As the project developed, that fascination became material. I explored different types of illusion and translated them into installations, allowing visual ideas to become spatial experiences. What had started as a conceptual and aesthetic interest gradually became something more complex once it entered the space of public encounter. The work no longer belonged only to me. It was confronted by viewers, by expectations, by doubt, and by reaction.

One of the most important parts of that experience was the response it provoked. At first, many people approached the idea with skepticism. Some did not immediately understand where it was leading, and others seemed unsure whether illusion could carry enough conceptual weight to become a serious field of inquiry. I remember this clearly, not as discouragement, but as part of the work’s life before completion.

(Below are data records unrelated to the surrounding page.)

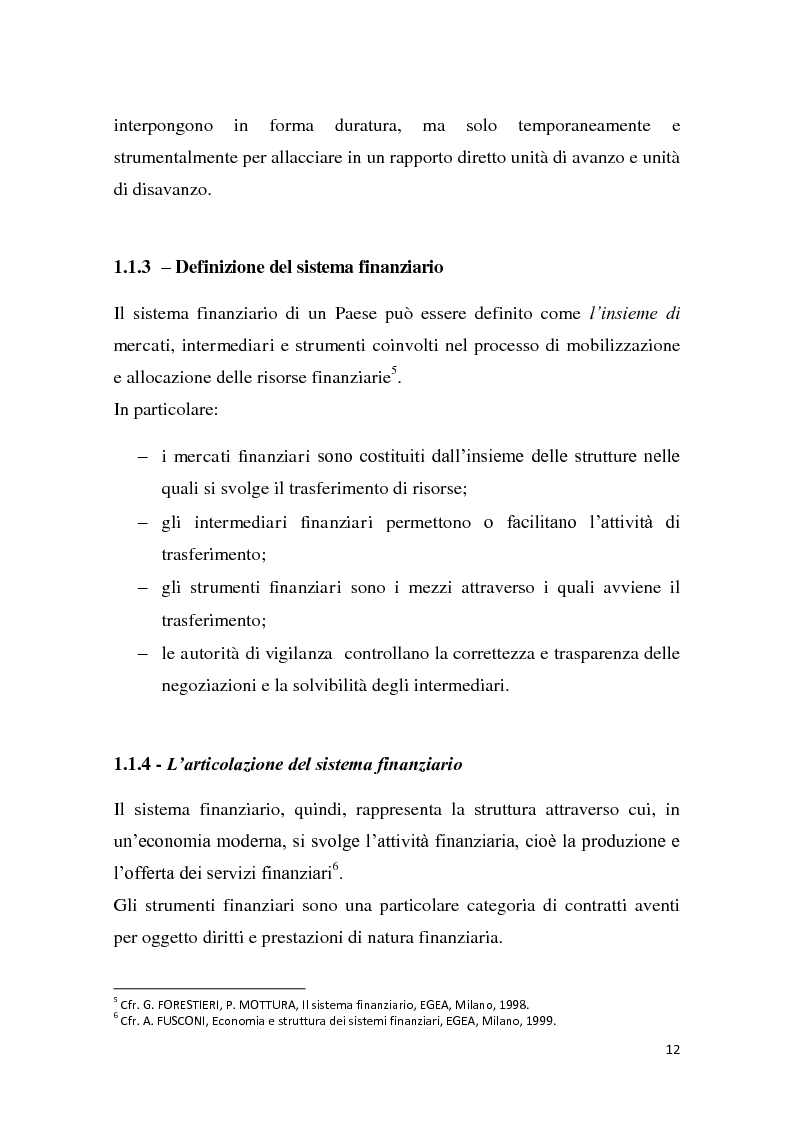 Anteprima della tesi: Il credit crunch nei periodi di crisi finanziaria, Pagina 6
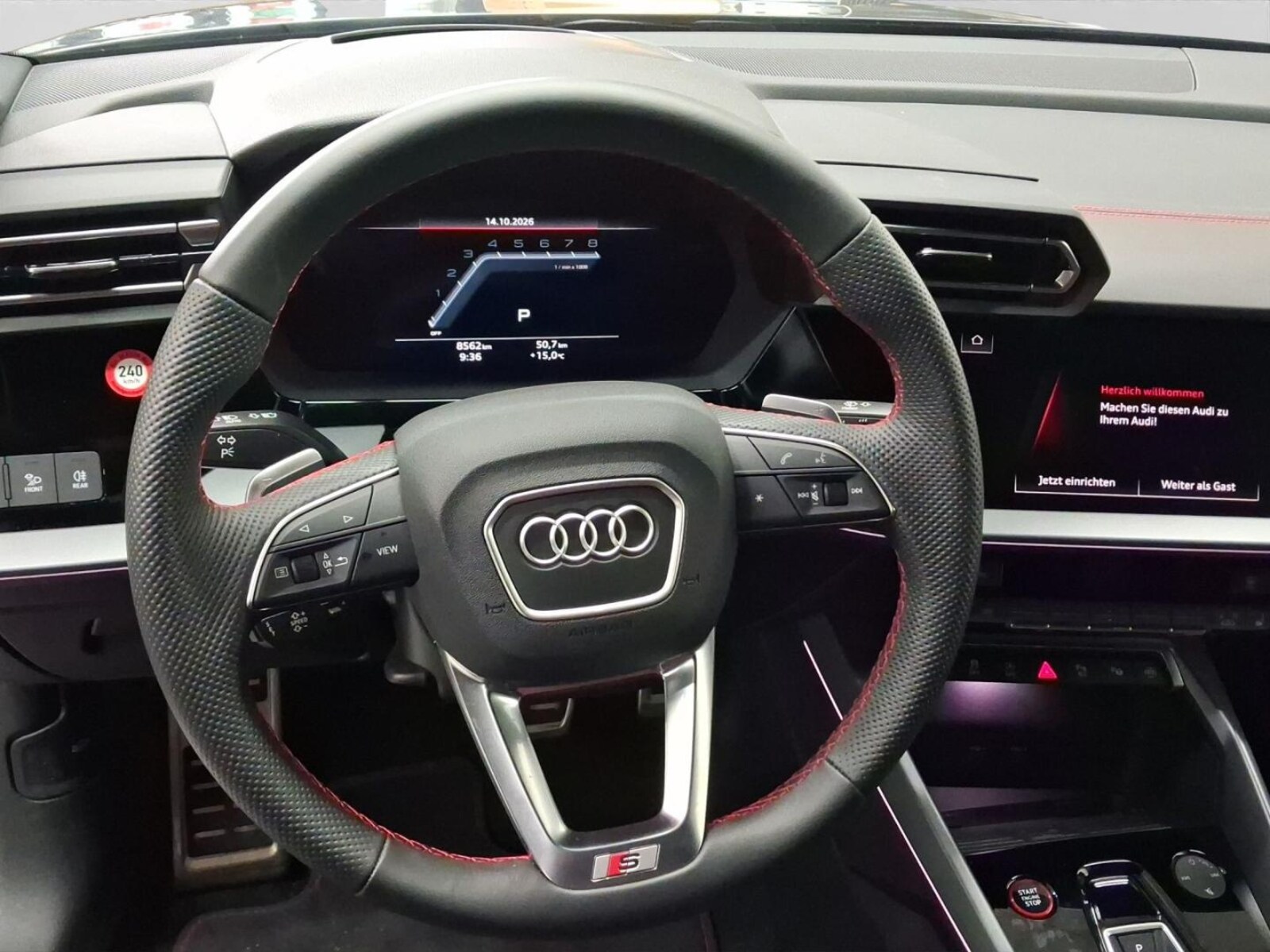 Audi S3 Limousine – Bild 16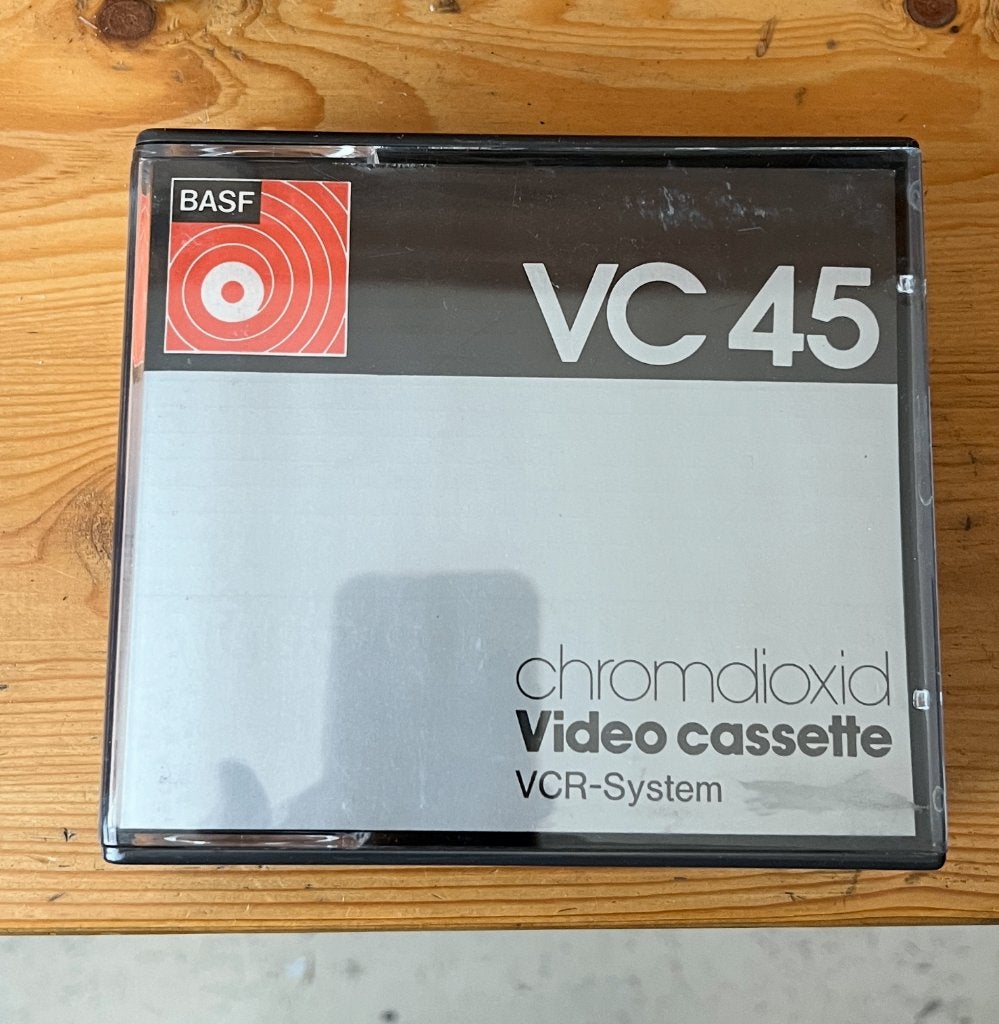 Video banden VCR systeem, Ophalen of Verzenden, Overige soorten, (Video)band
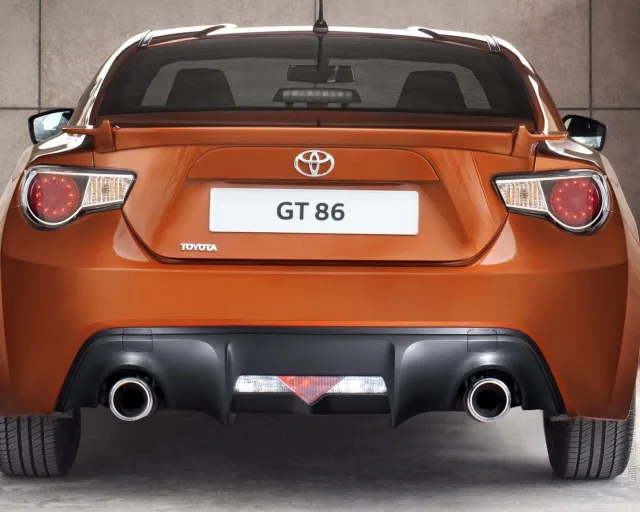 Toyota GT 86 купе — 8
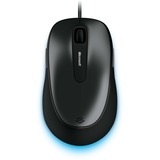 Microsoft 4FD-00023 mus Ambidextrous USB Type-A Optisk 1000 dpi Sort, Ambidextrous, Optisk, USB Type-A, 1000 dpi, Sort
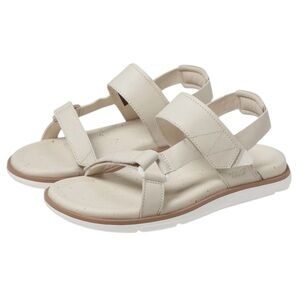 TEVA NWT birch tan leather Madera Slingback sandals women’s 8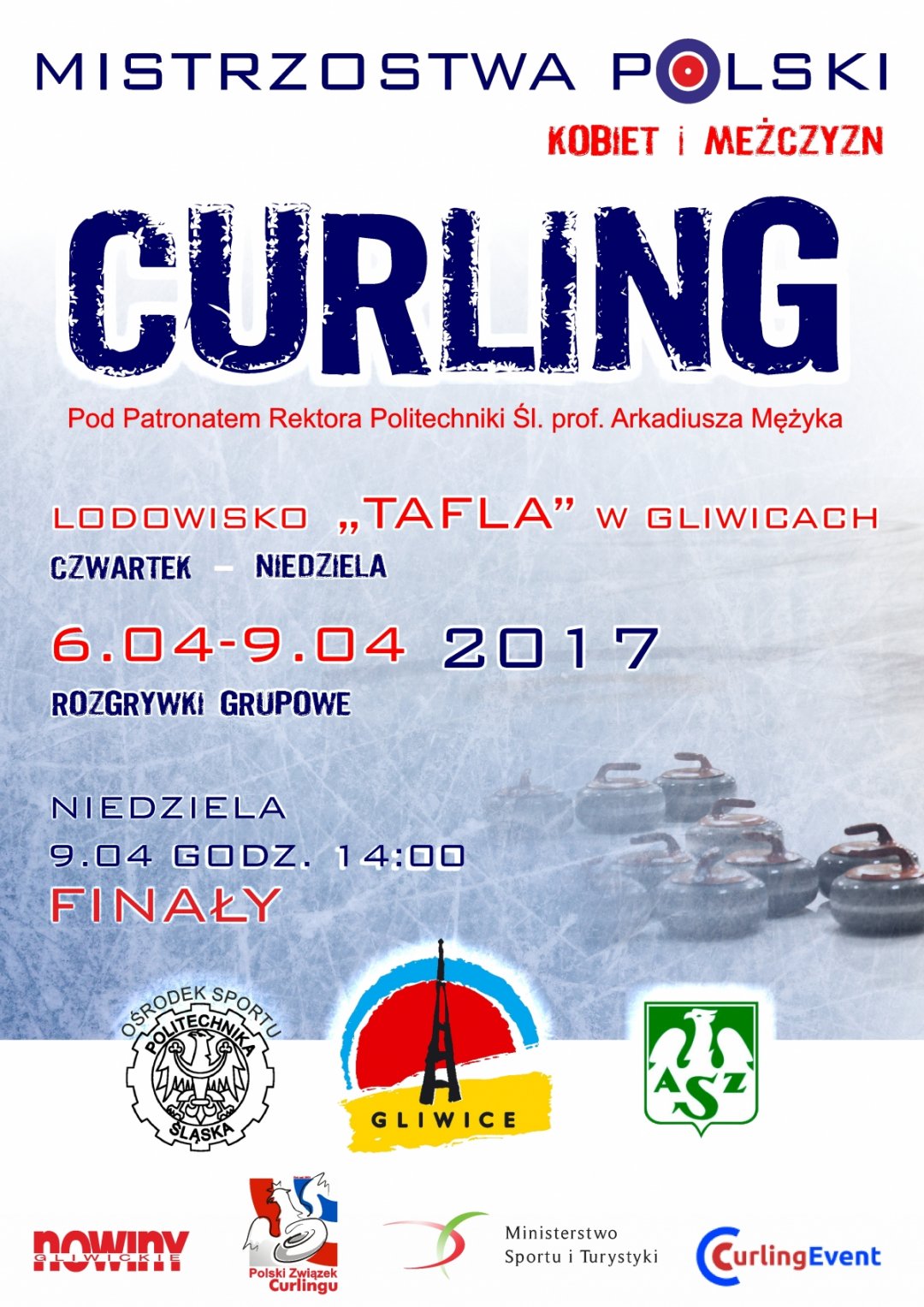 Mistrzostwa Polski Kobiet i Mężczyzn w curlingu - Gliwice 2017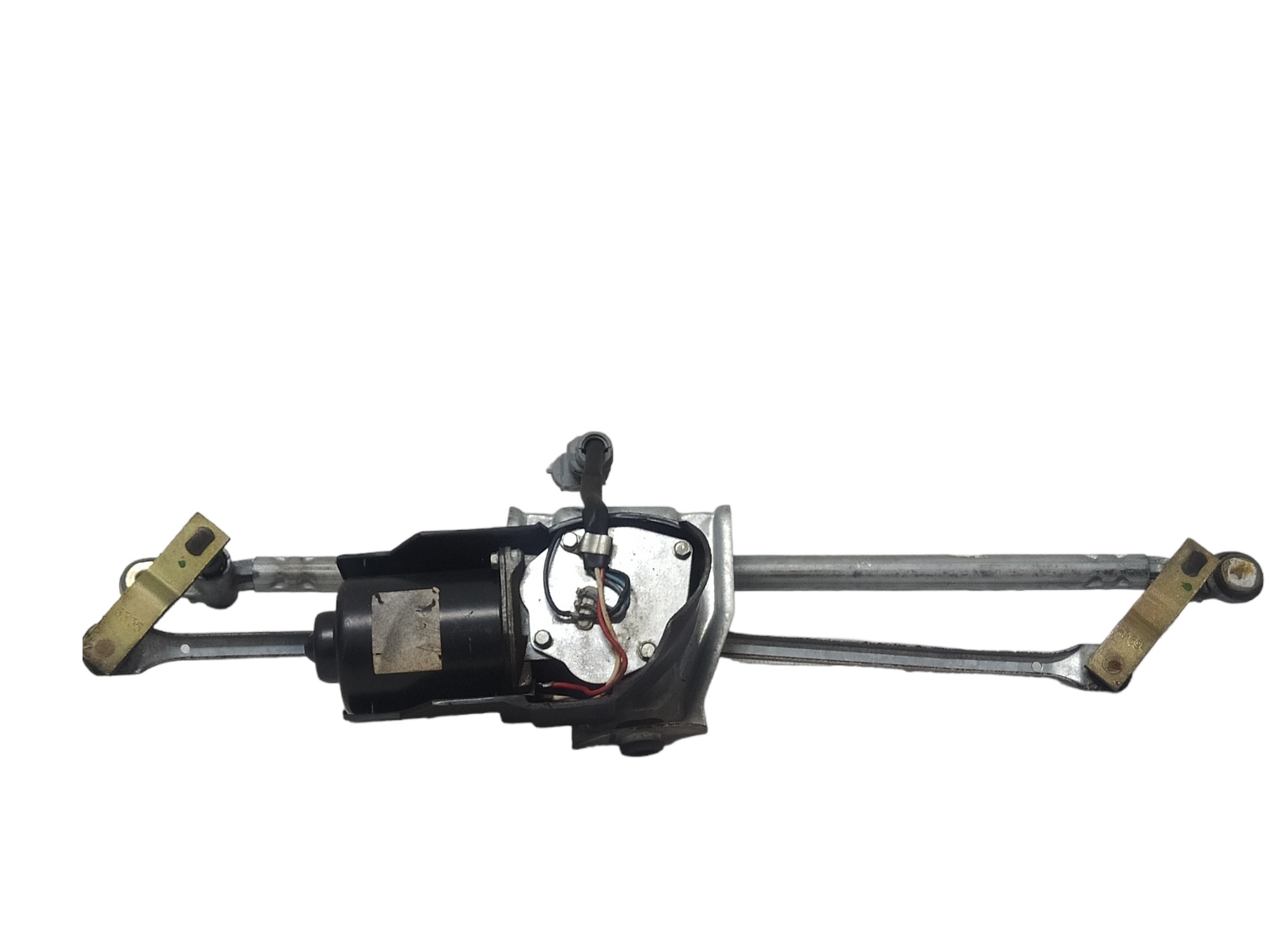 Máquina Motor Limpador Parabrisa Renault Clio 2003 A 2012 8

But once they were finished, something shifted. The same hesitation that had surrounded the project seemed to turn into curiosity. People stopped longer. They looked again. They asked questions. What interested me most was not that everyone reacted positively in the same way, but that each reaction was different. Some viewers were intrigued by the technical aspect, others by the surprise of recognition, and some seemed affected by the experience in a more emotional or reflective way. It became clear to me that illusion does not simply deceive the eye. It creates a pause. It interrupts automatic perception. It asks the viewer to become active.

That moment stayed with me. It made me wonder whether illusion should really be understood only as a visual trick, or whether it might be part of a much broader language of communication. Why do people become so engaged when an image or object withholds its meaning for a moment? Why does ambiguity invite attention instead of pushing it away? And why does the act of “finally seeing” something produce such a strong reaction?